Religion as such is as old as man himself and is an inseparable part of his history, and therefore it has always been an object of deliberation, speculation, interpretation and also of rejection and criticism. From its earliest form of animism, nature-worship or totemism to that of its purest form of monotheism, religion in its broadest sense symbolizes and articulates society's most basic values and commitments. Moreover, there is the elemental urge in man not only to live, but to live nobly. When our passion for noble living receives cosmic backing, we have the peculiar ardour of religion. There is no one who does not raise at some time or other these fundamental questions: What am I? What is my origin? What is my destiny?

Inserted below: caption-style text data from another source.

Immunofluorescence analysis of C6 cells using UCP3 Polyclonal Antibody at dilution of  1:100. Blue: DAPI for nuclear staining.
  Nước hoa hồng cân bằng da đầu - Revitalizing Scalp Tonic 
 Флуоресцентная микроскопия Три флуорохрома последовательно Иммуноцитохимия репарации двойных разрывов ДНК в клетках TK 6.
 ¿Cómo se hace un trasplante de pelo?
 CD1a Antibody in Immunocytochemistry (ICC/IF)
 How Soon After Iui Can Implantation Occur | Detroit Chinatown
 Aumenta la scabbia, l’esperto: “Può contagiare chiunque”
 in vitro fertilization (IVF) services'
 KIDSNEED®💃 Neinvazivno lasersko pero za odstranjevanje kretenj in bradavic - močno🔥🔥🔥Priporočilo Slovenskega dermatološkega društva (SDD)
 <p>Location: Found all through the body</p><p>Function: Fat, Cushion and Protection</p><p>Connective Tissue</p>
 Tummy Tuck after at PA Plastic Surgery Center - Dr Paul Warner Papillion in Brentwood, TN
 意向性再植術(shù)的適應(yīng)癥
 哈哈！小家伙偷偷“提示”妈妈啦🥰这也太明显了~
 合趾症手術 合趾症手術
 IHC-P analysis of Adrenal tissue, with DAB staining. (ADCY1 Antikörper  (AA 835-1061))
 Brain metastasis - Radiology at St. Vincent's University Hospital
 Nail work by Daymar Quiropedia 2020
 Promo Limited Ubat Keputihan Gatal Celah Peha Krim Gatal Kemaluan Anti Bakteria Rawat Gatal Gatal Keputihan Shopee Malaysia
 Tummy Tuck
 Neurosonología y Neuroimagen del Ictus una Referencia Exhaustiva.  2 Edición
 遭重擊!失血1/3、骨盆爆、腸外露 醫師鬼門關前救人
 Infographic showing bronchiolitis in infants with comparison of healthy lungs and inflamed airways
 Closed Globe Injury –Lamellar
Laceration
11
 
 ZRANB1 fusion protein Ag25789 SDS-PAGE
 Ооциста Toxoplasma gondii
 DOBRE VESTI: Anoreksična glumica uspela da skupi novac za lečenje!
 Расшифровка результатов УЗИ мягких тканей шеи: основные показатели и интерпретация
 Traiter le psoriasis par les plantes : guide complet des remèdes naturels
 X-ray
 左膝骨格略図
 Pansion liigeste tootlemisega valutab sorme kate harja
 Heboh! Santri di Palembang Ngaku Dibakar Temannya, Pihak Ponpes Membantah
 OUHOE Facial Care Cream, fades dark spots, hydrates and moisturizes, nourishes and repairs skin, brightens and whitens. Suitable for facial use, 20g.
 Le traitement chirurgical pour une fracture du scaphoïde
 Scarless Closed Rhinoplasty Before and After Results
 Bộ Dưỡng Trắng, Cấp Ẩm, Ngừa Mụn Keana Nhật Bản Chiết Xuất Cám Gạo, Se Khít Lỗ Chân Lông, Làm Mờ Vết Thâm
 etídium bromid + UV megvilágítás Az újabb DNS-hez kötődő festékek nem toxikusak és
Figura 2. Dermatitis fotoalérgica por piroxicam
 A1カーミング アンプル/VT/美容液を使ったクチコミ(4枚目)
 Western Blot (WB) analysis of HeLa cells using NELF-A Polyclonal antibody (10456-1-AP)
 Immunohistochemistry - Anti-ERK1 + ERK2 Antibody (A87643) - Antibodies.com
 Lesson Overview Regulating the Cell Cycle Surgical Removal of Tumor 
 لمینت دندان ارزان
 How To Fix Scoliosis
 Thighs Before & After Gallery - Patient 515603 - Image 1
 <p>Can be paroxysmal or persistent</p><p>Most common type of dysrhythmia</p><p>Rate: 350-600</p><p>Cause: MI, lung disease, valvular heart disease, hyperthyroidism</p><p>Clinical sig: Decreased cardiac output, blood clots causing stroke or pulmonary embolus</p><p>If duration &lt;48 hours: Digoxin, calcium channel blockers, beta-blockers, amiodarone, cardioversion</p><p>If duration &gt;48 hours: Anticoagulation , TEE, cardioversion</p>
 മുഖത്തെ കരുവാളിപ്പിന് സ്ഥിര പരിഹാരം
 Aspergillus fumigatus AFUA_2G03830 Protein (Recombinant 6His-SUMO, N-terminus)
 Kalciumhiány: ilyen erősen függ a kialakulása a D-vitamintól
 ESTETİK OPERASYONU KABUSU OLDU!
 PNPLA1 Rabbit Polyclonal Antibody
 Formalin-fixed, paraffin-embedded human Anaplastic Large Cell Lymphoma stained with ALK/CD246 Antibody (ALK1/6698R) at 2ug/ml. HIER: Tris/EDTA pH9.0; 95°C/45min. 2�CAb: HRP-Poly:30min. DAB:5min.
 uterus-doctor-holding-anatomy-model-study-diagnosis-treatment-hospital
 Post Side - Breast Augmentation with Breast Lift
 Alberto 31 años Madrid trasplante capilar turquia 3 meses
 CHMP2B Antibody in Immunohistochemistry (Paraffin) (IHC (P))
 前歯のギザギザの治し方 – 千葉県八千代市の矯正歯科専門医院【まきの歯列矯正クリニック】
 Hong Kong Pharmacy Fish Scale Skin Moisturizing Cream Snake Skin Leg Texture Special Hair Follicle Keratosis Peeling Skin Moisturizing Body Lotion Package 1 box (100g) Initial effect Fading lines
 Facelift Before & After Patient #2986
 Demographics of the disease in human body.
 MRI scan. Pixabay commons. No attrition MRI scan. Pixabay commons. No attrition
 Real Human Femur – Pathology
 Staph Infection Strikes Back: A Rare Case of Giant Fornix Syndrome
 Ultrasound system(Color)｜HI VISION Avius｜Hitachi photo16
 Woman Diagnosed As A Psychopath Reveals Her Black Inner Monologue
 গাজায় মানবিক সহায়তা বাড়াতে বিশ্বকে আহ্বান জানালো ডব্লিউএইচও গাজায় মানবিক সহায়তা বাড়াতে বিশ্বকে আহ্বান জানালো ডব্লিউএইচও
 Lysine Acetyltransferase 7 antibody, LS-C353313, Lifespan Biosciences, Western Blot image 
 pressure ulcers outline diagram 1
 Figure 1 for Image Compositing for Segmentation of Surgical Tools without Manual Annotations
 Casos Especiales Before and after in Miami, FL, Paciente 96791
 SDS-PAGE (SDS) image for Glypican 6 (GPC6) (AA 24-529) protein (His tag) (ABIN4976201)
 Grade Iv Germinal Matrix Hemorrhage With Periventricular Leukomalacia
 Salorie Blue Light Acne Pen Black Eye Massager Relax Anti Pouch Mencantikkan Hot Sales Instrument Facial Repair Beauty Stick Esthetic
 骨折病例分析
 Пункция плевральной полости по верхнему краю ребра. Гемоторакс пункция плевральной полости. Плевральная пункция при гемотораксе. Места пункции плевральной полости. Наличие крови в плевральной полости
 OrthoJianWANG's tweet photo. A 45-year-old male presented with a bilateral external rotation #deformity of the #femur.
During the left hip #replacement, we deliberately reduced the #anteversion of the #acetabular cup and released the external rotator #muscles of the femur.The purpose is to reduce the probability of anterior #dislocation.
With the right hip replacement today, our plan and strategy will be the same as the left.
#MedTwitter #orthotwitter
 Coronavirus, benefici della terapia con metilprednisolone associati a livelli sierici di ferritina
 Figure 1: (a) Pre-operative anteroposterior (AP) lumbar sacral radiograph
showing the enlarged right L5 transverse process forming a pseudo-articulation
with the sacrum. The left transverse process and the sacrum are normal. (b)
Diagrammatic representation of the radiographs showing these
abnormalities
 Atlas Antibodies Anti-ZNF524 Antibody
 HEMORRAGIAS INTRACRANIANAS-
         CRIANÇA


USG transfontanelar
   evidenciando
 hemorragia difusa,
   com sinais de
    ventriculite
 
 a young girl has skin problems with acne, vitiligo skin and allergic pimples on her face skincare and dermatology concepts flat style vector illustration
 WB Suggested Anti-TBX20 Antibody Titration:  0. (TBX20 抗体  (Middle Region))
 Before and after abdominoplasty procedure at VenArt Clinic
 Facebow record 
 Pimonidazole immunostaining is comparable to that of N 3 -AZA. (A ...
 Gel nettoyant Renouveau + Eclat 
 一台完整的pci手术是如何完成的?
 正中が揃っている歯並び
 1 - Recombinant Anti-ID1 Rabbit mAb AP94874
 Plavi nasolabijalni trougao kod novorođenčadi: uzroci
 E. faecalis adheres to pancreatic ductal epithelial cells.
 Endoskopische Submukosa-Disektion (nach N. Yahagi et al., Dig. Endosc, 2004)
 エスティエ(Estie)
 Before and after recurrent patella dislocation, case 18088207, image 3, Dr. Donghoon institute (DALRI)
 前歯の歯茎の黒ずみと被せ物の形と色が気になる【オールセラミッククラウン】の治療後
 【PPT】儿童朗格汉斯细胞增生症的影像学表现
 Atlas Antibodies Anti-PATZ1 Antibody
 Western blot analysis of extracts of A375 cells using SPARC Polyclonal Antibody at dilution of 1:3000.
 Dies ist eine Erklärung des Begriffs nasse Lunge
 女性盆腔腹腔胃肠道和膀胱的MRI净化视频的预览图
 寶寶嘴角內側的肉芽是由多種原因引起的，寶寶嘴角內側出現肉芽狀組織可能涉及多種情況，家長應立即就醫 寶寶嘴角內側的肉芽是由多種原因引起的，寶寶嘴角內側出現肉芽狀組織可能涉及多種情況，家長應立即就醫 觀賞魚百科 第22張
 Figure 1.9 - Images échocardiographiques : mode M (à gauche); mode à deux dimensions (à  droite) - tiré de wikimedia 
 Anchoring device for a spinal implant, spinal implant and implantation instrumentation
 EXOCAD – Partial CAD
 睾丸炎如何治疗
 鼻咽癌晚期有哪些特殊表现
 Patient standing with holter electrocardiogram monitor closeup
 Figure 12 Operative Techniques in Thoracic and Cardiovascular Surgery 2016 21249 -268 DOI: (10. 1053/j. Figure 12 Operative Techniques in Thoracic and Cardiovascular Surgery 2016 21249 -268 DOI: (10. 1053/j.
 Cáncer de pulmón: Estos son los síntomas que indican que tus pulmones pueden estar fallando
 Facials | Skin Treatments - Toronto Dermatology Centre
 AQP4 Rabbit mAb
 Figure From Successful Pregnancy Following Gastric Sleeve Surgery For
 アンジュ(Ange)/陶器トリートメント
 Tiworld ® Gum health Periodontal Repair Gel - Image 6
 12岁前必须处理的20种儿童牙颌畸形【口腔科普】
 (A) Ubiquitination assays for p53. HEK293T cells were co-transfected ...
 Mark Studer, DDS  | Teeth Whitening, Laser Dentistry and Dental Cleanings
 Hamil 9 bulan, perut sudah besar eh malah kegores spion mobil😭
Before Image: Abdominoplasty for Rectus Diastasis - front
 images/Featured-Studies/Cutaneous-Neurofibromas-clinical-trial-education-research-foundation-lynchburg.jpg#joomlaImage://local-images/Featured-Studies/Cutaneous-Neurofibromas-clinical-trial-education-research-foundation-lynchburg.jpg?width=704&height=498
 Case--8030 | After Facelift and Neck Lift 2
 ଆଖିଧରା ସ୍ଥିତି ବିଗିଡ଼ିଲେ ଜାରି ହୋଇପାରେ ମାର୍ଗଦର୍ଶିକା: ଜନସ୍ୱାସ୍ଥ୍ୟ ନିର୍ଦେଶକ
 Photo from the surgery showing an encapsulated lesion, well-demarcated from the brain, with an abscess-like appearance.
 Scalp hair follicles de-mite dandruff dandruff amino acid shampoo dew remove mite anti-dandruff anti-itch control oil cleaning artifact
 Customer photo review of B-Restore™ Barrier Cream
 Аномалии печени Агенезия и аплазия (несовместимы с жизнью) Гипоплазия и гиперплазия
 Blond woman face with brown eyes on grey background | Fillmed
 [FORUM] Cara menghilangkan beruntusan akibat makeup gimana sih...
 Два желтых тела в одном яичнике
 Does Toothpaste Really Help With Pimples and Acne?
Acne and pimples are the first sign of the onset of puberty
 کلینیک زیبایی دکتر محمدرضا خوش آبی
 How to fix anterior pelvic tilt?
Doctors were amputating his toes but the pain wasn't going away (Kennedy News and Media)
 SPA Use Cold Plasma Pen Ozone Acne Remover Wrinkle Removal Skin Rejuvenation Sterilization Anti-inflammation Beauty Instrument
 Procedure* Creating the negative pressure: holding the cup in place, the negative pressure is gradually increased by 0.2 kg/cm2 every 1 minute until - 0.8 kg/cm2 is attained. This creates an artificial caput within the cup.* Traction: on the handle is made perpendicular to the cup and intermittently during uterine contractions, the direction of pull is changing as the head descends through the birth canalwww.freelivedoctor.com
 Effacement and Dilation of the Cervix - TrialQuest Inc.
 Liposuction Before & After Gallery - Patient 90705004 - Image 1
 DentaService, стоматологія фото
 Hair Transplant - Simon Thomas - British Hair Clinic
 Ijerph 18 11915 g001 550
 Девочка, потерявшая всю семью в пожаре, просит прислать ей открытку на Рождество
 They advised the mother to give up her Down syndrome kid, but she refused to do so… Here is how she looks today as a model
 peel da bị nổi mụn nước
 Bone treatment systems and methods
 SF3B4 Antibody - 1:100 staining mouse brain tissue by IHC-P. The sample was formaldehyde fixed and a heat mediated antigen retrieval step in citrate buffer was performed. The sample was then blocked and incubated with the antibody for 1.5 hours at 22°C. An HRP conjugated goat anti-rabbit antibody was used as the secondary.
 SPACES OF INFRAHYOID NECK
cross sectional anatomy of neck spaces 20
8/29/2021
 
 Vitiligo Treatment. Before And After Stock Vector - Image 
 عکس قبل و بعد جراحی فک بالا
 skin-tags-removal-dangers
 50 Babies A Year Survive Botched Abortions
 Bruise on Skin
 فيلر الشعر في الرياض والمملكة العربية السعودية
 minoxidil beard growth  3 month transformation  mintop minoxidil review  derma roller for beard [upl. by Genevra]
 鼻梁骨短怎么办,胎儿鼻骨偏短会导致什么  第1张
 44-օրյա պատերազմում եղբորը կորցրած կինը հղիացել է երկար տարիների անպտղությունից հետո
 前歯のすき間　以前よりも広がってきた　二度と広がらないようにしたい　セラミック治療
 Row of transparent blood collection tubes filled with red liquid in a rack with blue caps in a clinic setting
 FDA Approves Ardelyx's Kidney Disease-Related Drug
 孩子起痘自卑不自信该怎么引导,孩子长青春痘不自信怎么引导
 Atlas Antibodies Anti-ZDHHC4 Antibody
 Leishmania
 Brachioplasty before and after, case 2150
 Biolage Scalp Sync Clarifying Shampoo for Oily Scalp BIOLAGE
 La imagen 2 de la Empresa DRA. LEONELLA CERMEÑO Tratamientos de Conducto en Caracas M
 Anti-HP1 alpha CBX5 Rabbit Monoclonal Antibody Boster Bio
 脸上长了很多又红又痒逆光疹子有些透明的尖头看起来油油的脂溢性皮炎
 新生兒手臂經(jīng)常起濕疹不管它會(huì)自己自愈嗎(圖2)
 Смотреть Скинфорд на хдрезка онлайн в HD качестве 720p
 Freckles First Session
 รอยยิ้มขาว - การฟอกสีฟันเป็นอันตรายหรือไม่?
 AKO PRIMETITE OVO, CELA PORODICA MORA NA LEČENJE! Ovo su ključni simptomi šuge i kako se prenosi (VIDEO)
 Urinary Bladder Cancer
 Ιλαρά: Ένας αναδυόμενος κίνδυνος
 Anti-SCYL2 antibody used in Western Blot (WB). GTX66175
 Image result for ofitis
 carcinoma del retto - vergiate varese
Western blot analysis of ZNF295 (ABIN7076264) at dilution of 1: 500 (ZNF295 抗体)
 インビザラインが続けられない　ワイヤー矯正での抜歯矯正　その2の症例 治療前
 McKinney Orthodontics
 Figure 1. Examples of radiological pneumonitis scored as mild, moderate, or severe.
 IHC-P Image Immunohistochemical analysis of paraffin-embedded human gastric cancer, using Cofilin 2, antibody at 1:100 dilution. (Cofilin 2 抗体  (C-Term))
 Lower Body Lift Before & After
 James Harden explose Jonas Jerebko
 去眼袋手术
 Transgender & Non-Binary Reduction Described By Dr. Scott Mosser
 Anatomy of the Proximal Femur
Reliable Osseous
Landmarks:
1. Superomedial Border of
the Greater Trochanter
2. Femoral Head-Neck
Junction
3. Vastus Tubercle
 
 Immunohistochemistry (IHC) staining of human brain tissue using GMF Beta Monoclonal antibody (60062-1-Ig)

Religion is based on the discovery of the essential worth and dignity of the individual and his relation to a higher world of reality. When the human being perceives that he belongs to an order of reality higher than brute nature, he cannot be satisfied by worldly success or materialistic achievements. That he is capable of martyrdom for ideals shows that he lives in and for a world of eternal realities. Worship is man's reach out to the divine. Religion is the discipline which touches the conscience and helps us to struggle with evil and sordidness, saves us from greed, lust and hatred, releases moral power, and imparts courage in the enterprise of saving man from his inordinate desires. As a discipline of the mind, it contains the key and the essential means of coping with evil which threatens not only the dignity of man but his very existence. It implies the submission of our thinking and conduct to eternal truth. In its essence, religion is a summons to spiritual adventure. It is not theology, but practice and discipline. It is the only remedy for a pride of spirit which has divorced itself from the eternal; when the human spirit defies its sources and conditions and claims absolute self-sufficiency, it becomes insane and suicidal. To restore the lost relationship between the individual and the eternal is the purpose of religion. It is this basic and fundamental relationship which alone can bring ease and harmony in man's relationship with God, with himself, with his fellow man or with the society in which he lives, and with nature. If the relationship between the individual and the sole Creator is broken, the entire fabric of peaceful and meaningful human life will be broken. It is this harmony which religions serve to establish, Islam being the last of them.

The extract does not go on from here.